Wednesday, March 19, 2008

TCI Fails to Slay the Japan Inc. Dinosaur

"Unless you are willing to drench yourself in your work beyond the capacity of the average person, you are just not cut out for positions at the top."

J.C. Penney
former chairman, J.C. Penney

Recent comments from U.K. based hedge fund, The Children's Fund, in the Nikkei news media were marked by anger, scorn and regret - kind of like a teen's reaction to the outright rejection by the belle of the local high school.

The point of contention was JPower, a leading electricity utility in Japan. The Board of JPower apparently decided that it was not going to kowtow to pressure from TCI to up its dividend. Since TCI built up its stake in the firm it has failed to bring to Japan the same sort of investor activism that has made is successful in Europe. Reality bites and when it does it can hurt. In this case the pain could run into quite a few million Benjamins!

So where do they go now? And what is the future of investor activist tactics in Japan? The news is not good. TCI executives railed the decision of the Board and announced that it would recommend all foreigners to sell their equity holdings in Japan Inc. (which they have been doing anyway the last 2 years), and, that European regulators should not allow any Japanese corporation to take more than a 10% stake in any European companies - tit for tat retaliation - another school playground strategy!

The fact is, investor activism and M&A tactics in general have not taken off in Japan. The country remains deeply suspicious of anyone, let alone outsiders, telling them to focus on shareholder value. It is a generational issue. Old geezers never conducted business that way and are not likely to change in the short run.

As a result the best that a typical value-investor could achieve was to 1) coax senior management by enriching them personally with a "new strategy" 2) embarrassing senior management with public revelations about the activities of Board Members 3) "gang tackling" by taking equity in the company along with other friendly hedge funds.

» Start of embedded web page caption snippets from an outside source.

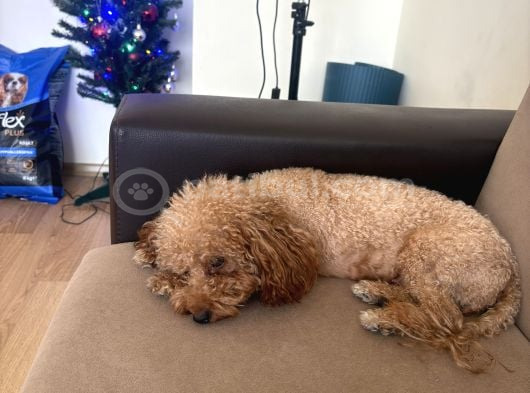 Yetiskin Mini Toy Poodle görsel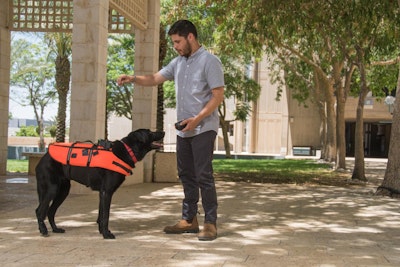 Wearable trains dogs to respond to haptic vibration commands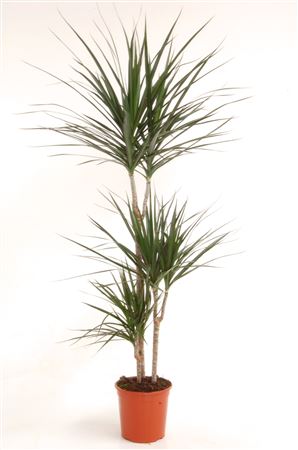 Dracaena Marginata | 60.30.15 |  P.20cm -  H.90 cm
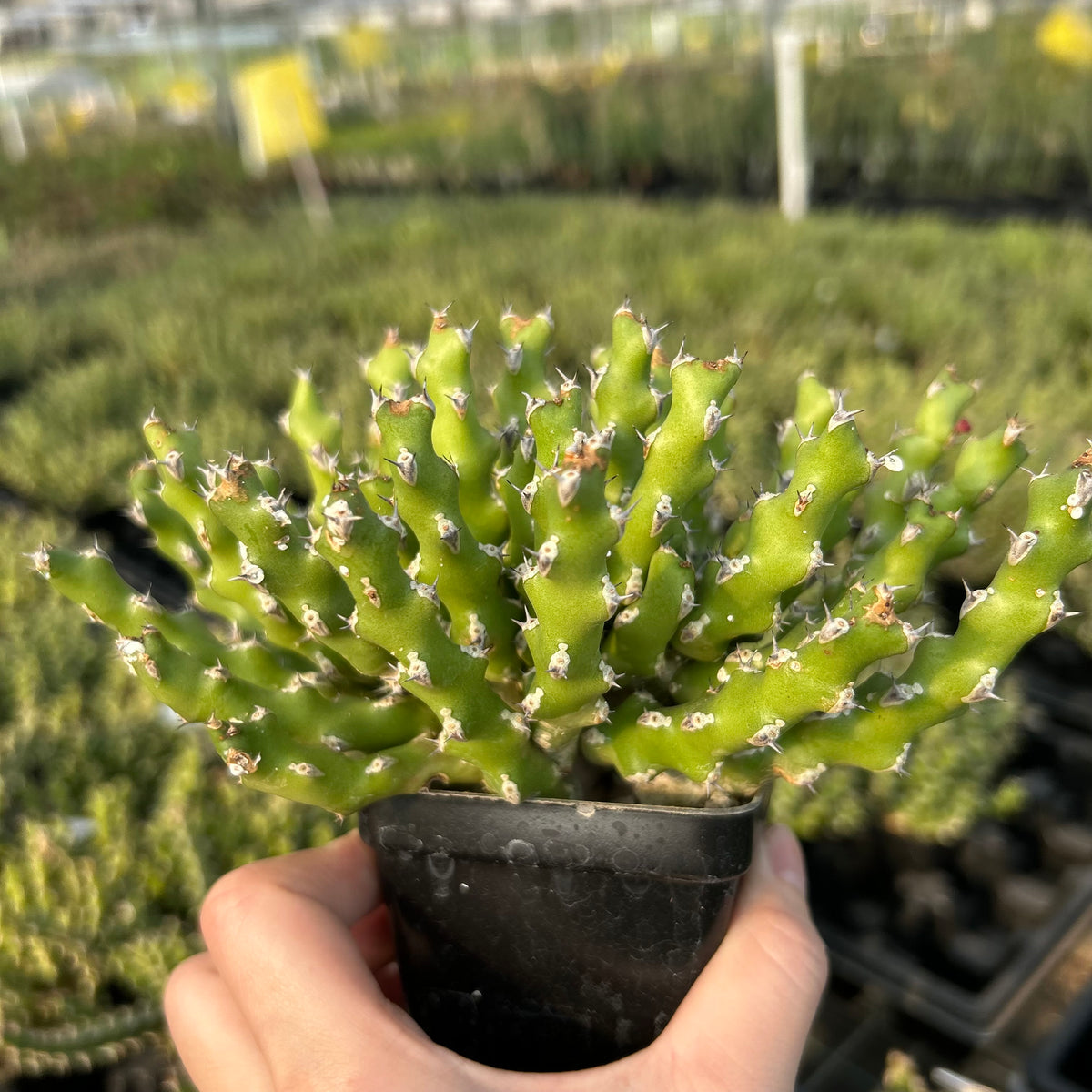 Euphorbia ramulosa - BotanicalCollector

However, in terms of responsible management practices Japan continues to rank near the bottom of most league tables ranking international markets. The legal system favors the incumbent management (however inefficient) and practices are opaque and critical of foreigners. The fact that there have been a number of illegal activities by so-called activist practitioners did not help to restore investor confidence in the system either. All of which is a shame.

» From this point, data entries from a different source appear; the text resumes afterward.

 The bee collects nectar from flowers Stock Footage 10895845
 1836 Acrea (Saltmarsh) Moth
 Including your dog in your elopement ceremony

At just the moment in history when radical change is needed within the industrial framework in order to tackle many serious issues it resorted to its Dinosaur Practices of YesterYear: obfusticate, hide, caojole, protect, screen and allow the status quo to remain just that. Ironically, what is needed is a shot in the arm.

The stock market recognizes this and has underperformed over the last few years in recognition of this. And it will continue to underperform. Until the very framework changes Japan will remain the short of choice among global hedge fund managers, unless they are looking to buy a car or exercise on a WII game. In the good ole days Japan Inc. offered innovative technological products, industrial best practices and cheap sources of capital. Not anymore, these have become commodities. Mahalo.